More than just a shot in the arm

By Charmian Christie

While most vaccinations aren't mandatory, they are highly recommended to prevent you from bringing infectious diseases back with your souvenirs. But don't rush out for a shot in the arm as soon as you book your flight. Whether you actually need the vaccine depends on more than the country of destination. Your age, the season you travel, your health, previous vaccinations and whether you'll be visiting urban or rural areas can also affect whether or not you need to get immunized.

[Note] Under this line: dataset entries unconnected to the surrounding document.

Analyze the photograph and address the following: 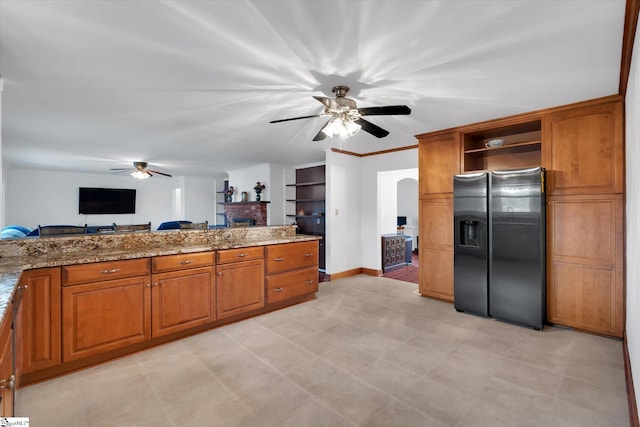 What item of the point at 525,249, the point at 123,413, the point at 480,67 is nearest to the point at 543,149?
the point at 525,249

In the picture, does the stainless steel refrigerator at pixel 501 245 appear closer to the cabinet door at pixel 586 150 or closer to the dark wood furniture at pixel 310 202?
the cabinet door at pixel 586 150

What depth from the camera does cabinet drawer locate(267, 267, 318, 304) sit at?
12.0 feet

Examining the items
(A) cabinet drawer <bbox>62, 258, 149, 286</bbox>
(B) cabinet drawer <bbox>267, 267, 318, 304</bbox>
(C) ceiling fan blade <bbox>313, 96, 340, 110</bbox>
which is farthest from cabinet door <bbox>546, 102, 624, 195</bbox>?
(A) cabinet drawer <bbox>62, 258, 149, 286</bbox>

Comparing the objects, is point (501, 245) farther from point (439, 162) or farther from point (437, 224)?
point (439, 162)

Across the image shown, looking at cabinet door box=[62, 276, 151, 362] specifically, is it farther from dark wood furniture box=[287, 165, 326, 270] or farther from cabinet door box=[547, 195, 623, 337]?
cabinet door box=[547, 195, 623, 337]

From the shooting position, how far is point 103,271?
2439mm

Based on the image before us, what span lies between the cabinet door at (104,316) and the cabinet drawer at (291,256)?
1364 mm

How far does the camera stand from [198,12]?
1610 millimetres

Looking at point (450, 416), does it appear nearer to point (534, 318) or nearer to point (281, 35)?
point (534, 318)

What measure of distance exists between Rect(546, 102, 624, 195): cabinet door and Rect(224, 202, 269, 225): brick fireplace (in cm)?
540

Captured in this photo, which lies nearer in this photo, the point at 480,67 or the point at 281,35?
the point at 281,35

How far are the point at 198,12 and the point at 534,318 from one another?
394 centimetres

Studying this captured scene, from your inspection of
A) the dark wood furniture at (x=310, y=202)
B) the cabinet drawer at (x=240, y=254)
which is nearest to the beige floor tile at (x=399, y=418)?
the cabinet drawer at (x=240, y=254)

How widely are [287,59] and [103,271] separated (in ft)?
7.25
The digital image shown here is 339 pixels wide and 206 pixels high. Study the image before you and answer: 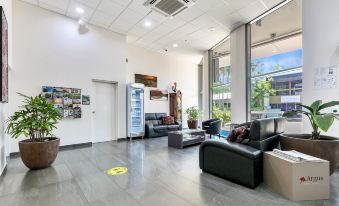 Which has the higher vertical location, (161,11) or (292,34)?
(161,11)

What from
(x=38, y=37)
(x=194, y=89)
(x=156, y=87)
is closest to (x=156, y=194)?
(x=38, y=37)

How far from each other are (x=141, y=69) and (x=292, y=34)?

Below is a list of the most common vaccinations, the zones they're recommended for and when you should get immunized:

  • Hepatitis A: This potentially fatal liver disease is usually transmitted through contaminated food or water. (Remember those ice cubes in that tropical cocktail?) If you're traveling outside the U.S., Canada, Europe, Australia, New Zealand or Japan, it's wise to get vaccinated.
    • Get vaccinated four weeks before leaving.
    • Get a booster 6 to 24 months after you return.
  • Hepatitis B: Unlike A, this is usually spread through sexual contact or punctured skin (tattoos, sharing needles, unclean pedicure tools). Found worldwide, it's most common in Africa, Eastern Europe, Asia, Central America and South America . The vaccine is recommended for travelers who plan to live or work in high-risk regions for an extended time.
    • Start the three-dose vaccination cycle at least three months before leaving.
  • Typhoid Fever: The risk of contracting this life-threatening disease is greatest in North and West Africa, South Asia and Peru.
    • Get vaccinated two weeks before leaving.
    • Note: the vaccine is only 70 percent effective. Be careful with food and drink when traveling in infected areas, since the disease flourishes in poor sanitation.
  • Malaria: This life-threatening disease is carried by mosquitoes. Most common in Africa, South America, Central America, Asia and the Middle East, there is no vaccine to prevent infection. Avoiding mosquitoes and taking the anti-malarial tablets exactly as prescribed are your best defenses.
    • Purchase the tablets before you go. Not only are the pills available in malaria-infested regions overpriced, they are most likely counterfeit.
    • Take the drugs exactly as prescribed, even if this means continuing the dosage after you've left the malaria zone. This is crucial.
  • Meningococcal Disease: High mortality rates make vaccination a must if you travel in sub-Saharan Africa (from Mali to Ethiopia ).
    • Get vaccinated two weeks before leaving.
  • Tuberculosis: Once called “consumption” or “the wasting disease,” TB was common in North America at the turn of the century. While rare in North America now, this potentially-fatal lung disease kills millions around the world every year, especially in Africa, South and Southeast Asia, Central and South America and parts of Eastern Europe.
    • Immunization d...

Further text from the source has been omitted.